ECLI:NL:RVS:2025:179
Raad van State
- Mondelinge uitspraak
- Rechtspraak.nl
Beroep tegen het niet tijdig nemen van een besluit door de burgemeester van Den Haag
In deze zaak heeft de Afdeling bestuursrechtspraak van de Raad van State op 14 januari 2025 uitspraak gedaan in een hoger beroep dat was ingesteld door [appellant] tegen de burgemeester van Den Haag. De aanleiding voor het beroep was het niet tijdig nemen van een besluit door de burgemeester, nadat de Afdeling in een eerdere uitspraak op 17 april 2024 had bepaald dat de burgemeester binnen twaalf weken een nieuw besluit moest nemen. Deze termijn was inmiddels verstreken zonder dat er een besluit was genomen. Tijdens de zitting op 14 januari 2025 werd besproken welke nieuwe beslistermijn zou moeten worden opgelegd.
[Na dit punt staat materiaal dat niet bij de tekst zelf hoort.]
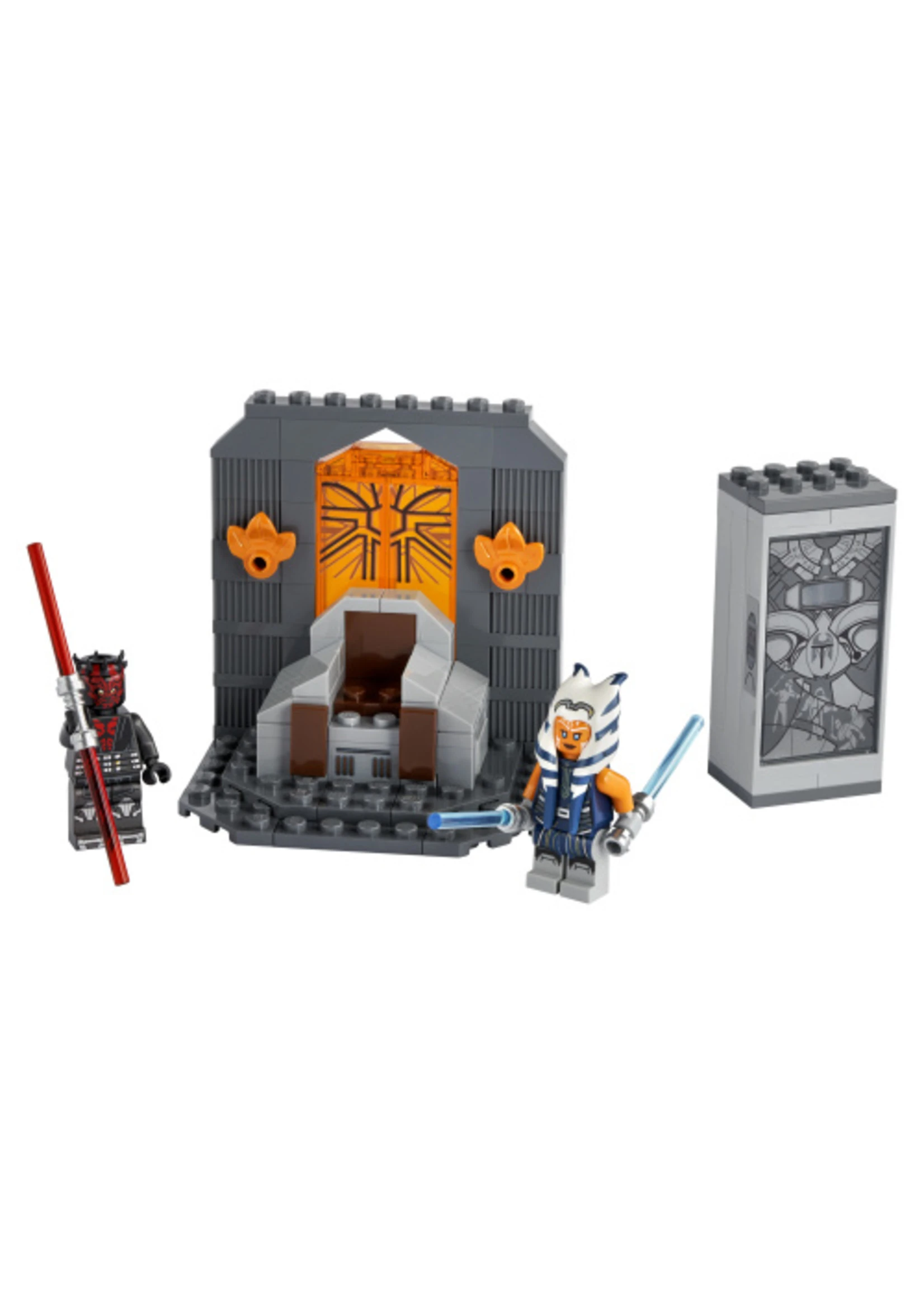 LEGO 75310 - Duel On Mandalore - Image 3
Alle partijen stemden in met een uiterste beslisdatum van 14 maart 2025.
De Afdeling heeft het beroep gegrond verklaard en het niet tijdig nemen van een besluit door de burgemeester vernietigd. De burgemeester werd opgedragen om uiterlijk op 14 maart 2025 een besluit te nemen en dit op de wettelijk voorgeschreven wijze bekend te maken. Tevens werd bepaald dat de burgemeester een dwangsom van € 150,00 per dag verbeurt voor elke dag dat de termijn voor de bekendmaking van het besluit wordt overschreden, met een maximum van € 15.000,00. Daarnaast werd de burgemeester veroordeeld tot vergoeding van proceskosten aan [appellant] ter hoogte van € 54,00 en het griffierecht van € 187,00.
De uitspraak benadrukt het belang van tijdige besluitvorming door bestuursorganen en de mogelijkheid van dwangsommen als drukmiddel om naleving van termijnen te waarborgen. De zaak illustreert ook de rol van de Raad van State in het toezicht op de rechtmatigheid van besluiten van gemeenten.